I agree with John, stick with the current flat file system (simple) for now, and offer the choice of a flat file system or a database backend in the future.

-- PeterThoeny - 17 Apr 2003

At the moment the Store implementation is rather widely distributed through the code, which makes it difficult to come up with a different Store implementation. There have already been moves to decouple Store - for example, loadTopic which returns the text and the meta separately.

But the implementation is still far too deeply threaded. Many plugins rely on being able to manipulate text files.

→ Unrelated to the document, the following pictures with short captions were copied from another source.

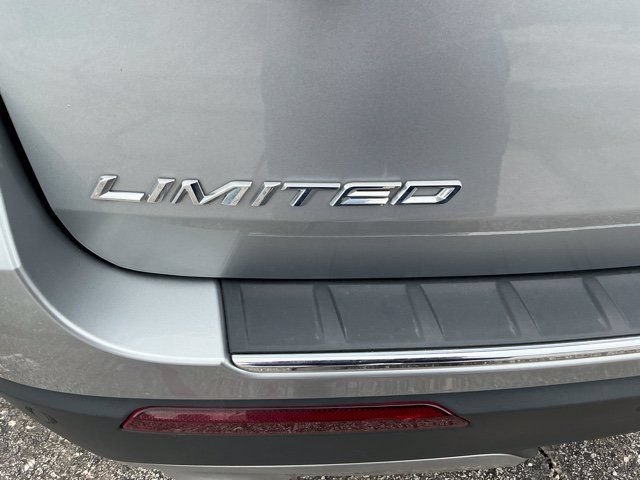 Used 2022 Ford Explorer Limited w/ Equipment Group 301A AWD/4WD image 9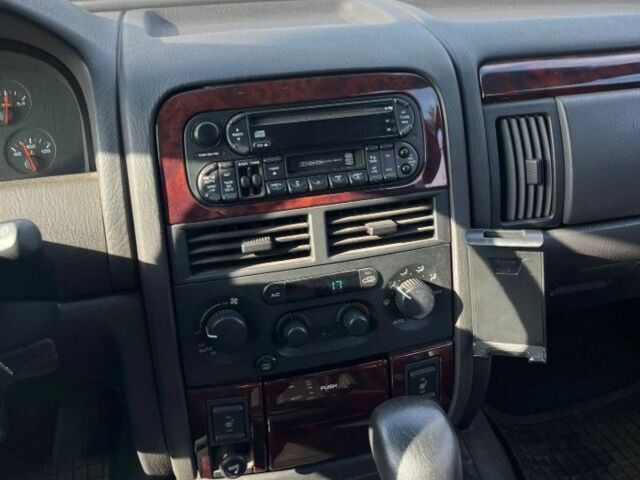 Черный Джип Чероки, объемом двигателя 4.7 л и пробегом 270 тыс. км за 3000 $, фото 4 на Automoto.ua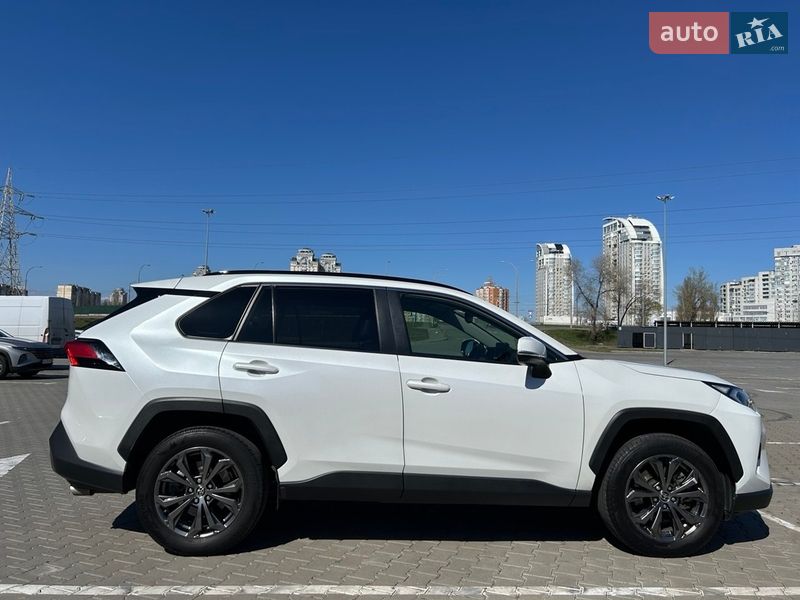 Внедорожник / Кроссовер Toyota RAV4 2023 в Киеве фото Внедорожник / Кроссовер Toyota RAV4 2023 в Киеве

Even some of the core code (Search.pm for example) assume the Store implementation.

Shame really.

The long-term solution is to rearchitect the code; preferably using an OO approach that would allow me to say things like:

my $twiki = TWiki::new( $query );
my $web = $twiki->loadWeb( $webname );
my $topic = $web->getTopic( $topicname );
my $meta = $topic->getMetaData();
my $form = $meta->getForm( "FormName" );
my $field = $form->getField( "FieldName" );

See also TWikiOO, a thread that sadly seems to have died.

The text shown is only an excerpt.